Friday, July 9, 2010
Nina Hagen: Naturträne
Nina Hagen: She of the monster voice, rubber face, and a beauty all her own. You have to wonder if that voice could exist without the mad poached-egg eyes and the mouth conceivably capable of holding a jet engine. But then, everything about her is outsized. (And very German too, and I mean that in the best possible way). As a singer her currency is the radical mix: the grand gesture with the Grand Guignol, the classical with the animal, the sacred with the profane, and all filtered through the technical burlesque of that voice. As a personality she is equally garish, flamboyant, and loud, and yet there's an undeniable delicacy in her too. She manages to radiate humanity and vulnerability no matter what voice she's using or what disguise she's in. (Compare this to Diamanda [below] whose talent seems to serve an entirely different master. Nina is a mom; Diamanda is, god forbid, not. Maybe the answer is in there, somewhere.) As Naturträne demonstrates, Nina has no wanting for technique, but she isn't limited by it either: She could use it or not, depending on how it might best serve her particular vision. That she doesn't need to put it on display in everything she does is a rare quality indeed.

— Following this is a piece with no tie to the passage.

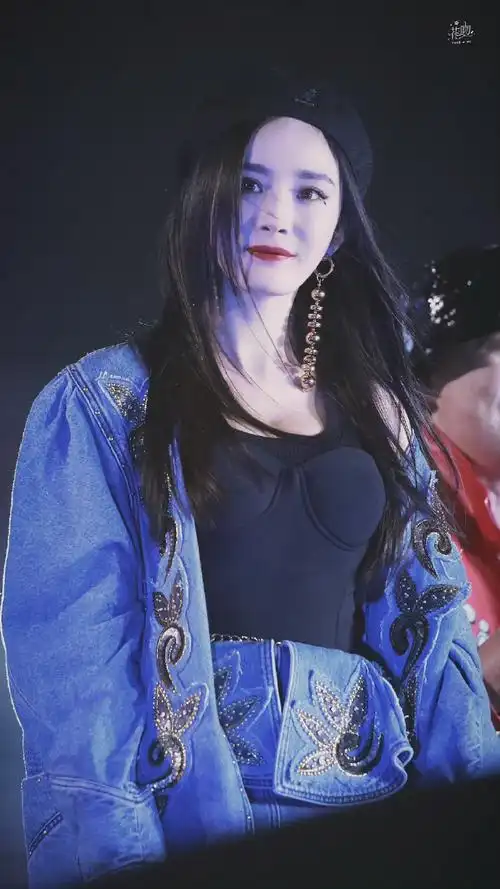 杨幂今年在湖南卫视跨年#谁还在怀念19跨年的野狼disco我不说,不值览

And despite all that, for me anyway, Hagen's career never quite found the right vehicles for her talent. (Imagine her voice as animated character! She's practically one already.) Maybe it was as simple as never having found the right support in a producer, arranger, or musicians. Her records seem far too conventional for her vision and more than a little naive. (Admittedly, Americans like me tend to find foreign [save for the British] rock and roll naive in general.) Her sleepwalking covers of 60s American bubblegum hits are an example. Imagine her voice with a band of suitable peers capable of making her prodigiousness soar: Sonic Youth, Tom Waits, Brian Eno, (early) Roxy Music, John Zorn, Philip Glass, Elliott Sharp, Polysics... John Paul Jones, even. (Insert your preference here.)
Explore YouTube and you'll find her more recent work includes standard big band arrangements of jazz-age evergreens. While her versions are respectable, if unexceptional, the arrangements seem to corset her. (Check the audience: The mystified looks on their faces are a giveaway that she may be fluttering way above their heads.) She just might be the best interpreter of Brecht/Weill ever if she weren't playing so nice for the posh theater crowd. (If only she could give her Brecht more Vile, as the old joke goes...) Note her video versions of "Surbaya Johnny" and "Alabama Song," you keep hoping for Mad Nina to appear but, alas, she never does. ("Alabama Song" could be Nina after electroshock treatment. Or too heavy a dose of Prozac.)
Despite this, watch the video above and see if you too don't fall in love with her. Whatever her output, her gifts and charms are undeniable. Maybe it's the combination of the emotional intimacy with a fair dose of sexual abandon, the domineering and the demure, and that bucketful of vulnerability. It's a generous performance.